A memorial service will be held in nearby Limhamn, on Thursday 24 February.
The cause was cancer, which she had previously battled and proudly survived.
She is survived by her brother Ebbe Lindell, retired professor of psychology
and pedagogy.
Kristina Lindell was born in Lund in 1928, and Lund university was for
many years the home base for her wide-ranging research in Asia, which
earned her an honorary doctorate, the prestigious Rausing prize. Kristina
Lindell contributed decisively and long-term to the establishment and
development of Asian studies at Lund University, including its department
for Asian languages and its center for East and Southeast Asian Studies,
from the 1970s and onwards. She also earned a Thai order for her efforts
in promoting the teaching of Thai at Lund. She was a superb teacher, not
least in languages, an outstanding academic leader and administrator,
and an accomplished Sinologist, linguist and Asian folklorist with broad
interest and knowledge in many adjacent fields. She was also a warm, colorful
and distinctive person whose house was always open to visitors, a producer
of wonderful children's books, and an inspiration in scholarly perseverance,
curiosity, and dedication for her many students in a host of different
fields.
For the ongoing research concerning the culture of the Kammu people in
Laos and other parts of northern Southeast Asia, led for many years by
Kristina Lindell and in recent years centered at the Department of Linguistics
and Phonetics, Lund University, see the Project website: http://www.ling.lu.se/research/profileareas/KammuResearch/
This site contains a wide-ranging bibliography regarding Kammu heritage,
including folklore, music, religion and divination, language and the overall
experience of an indigenous people, as well as a text on ”How
to Enter a Kammu Village and Work with Kammu People” by Damrong
Tayanin and Kristina Lindell.
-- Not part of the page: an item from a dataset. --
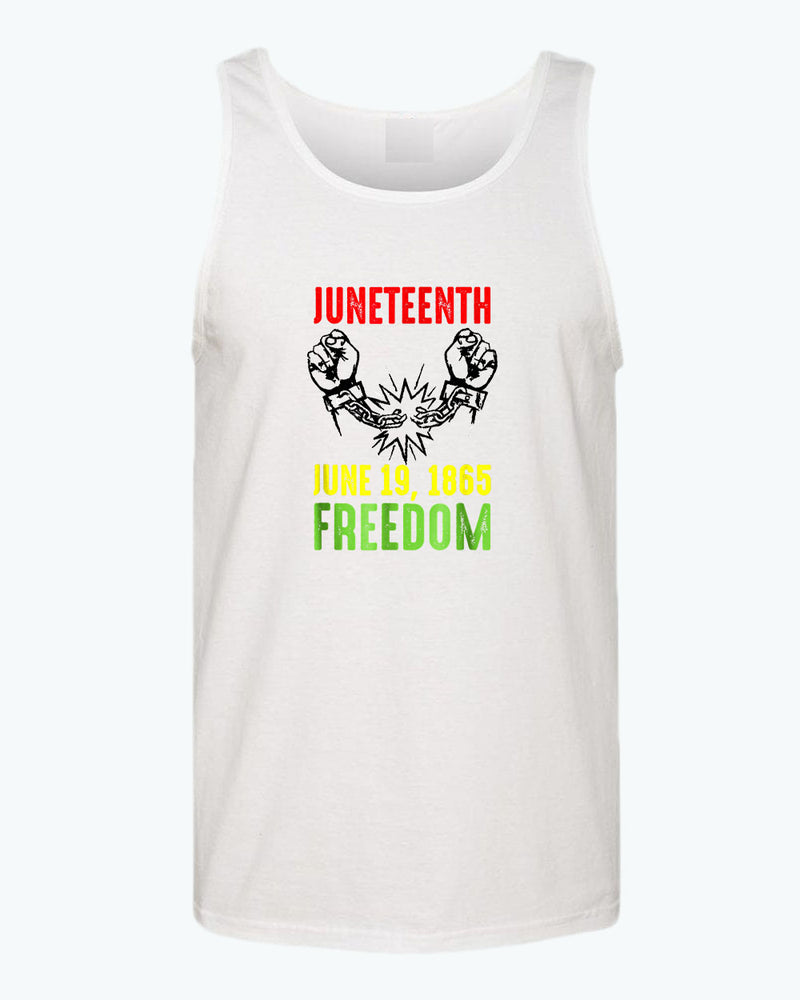 Freedom tank tops broken chain june 19 1865 tank top - Fivestartees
The text is characteristic not only for
the tell-tale
emphasis on collaboration – Damrong Tayanin, an accomplished, equally
multilingual scholar of Kammu origin, has collaborated with Kristina
since the 1970s – (see his Kammu webpage, http://www.ling.lu.se/persons/Damrong/kammu.html
), but also for how it suggests Kristina's related, indeed inseparable
emphasis on cultural aspects of manners in Asian societies, which always
informed both her interaction with interlocutors and colleagues and
her scholarly writings, including on topics such as Chinese concepts
of female beauty.
Full obituaries are forthcoming both in Sweden and internationally.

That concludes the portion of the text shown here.